All children with PM had a good outcome without any complications due to air trapping.

In the group of children older than 4 weeks, only two children developed a respiratory insufficiency, leading to mechanical ventilation. In both of them, respiratory failure was related to their underlying condition (polytrauma with haematothorax and severe obstructive bronchitis, respectively). These were also the children who stayed longest in the intensive care unit. All other children were treated with oxygen only and stayed in the intensive care unit until they improved clinically and radiographically. Regarding radiologic diagnostics, four patients of the group of children >4 weeks of life had CT scans (three of them had been done in outside clinics from where the patients had been admitted to our intensive care unit). Retrospectively, the utility of the CT scans was put into question, as these scans did not change the patient management. The only patient in whom the CT scan changed management was the child with polytrauma. In this patient, other intrathoracic injuries needed to be ruled out.

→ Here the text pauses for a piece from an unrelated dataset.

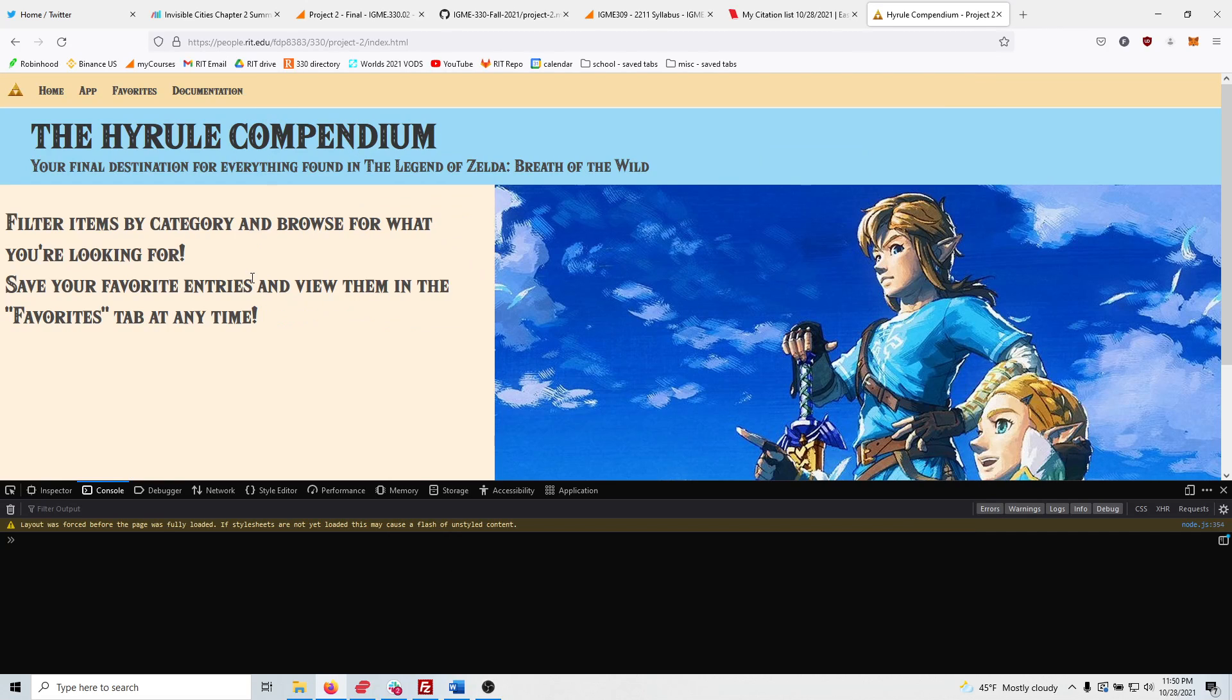Hello, my name is Franklin Pugh. This is my project number two, the Hyrule Compendium.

In the group of neonates, it was much more difficult to find the aetiology of the PM, since all neonates had presented with respiratory disease, and radiologic investigations were partially performed only after the use of CPAP or tracheal intubation. Five of the nine neonates had a spontaneous PM without risk factors, such as mechanical respiratory support (bag mask ventilation after birth, CPAP, mechanical ventilation) or restrictive lung disease. Three of these five babies were delivered by caesarean section. In the remaining four newborns, possible mechanical incidents leading to the air leak could be revealed: mechanical ventilation with high inspiratory pressure, CPAP, pulmonary infection and convulsion. Further investigations are needed to find the aetiology of spontaneous PM in healthy, term neonates.

In conclusion, PM in children and neonates has a good prognosis. Mostly, it is associated with extrapulmonary air at other sites. It is diagnosed by chest X-ray alone. Whereas in older children mechanical events leading to the airway rupture can be revealed in most cases, about half of the neonates in our series suffered from PM without obvious reason.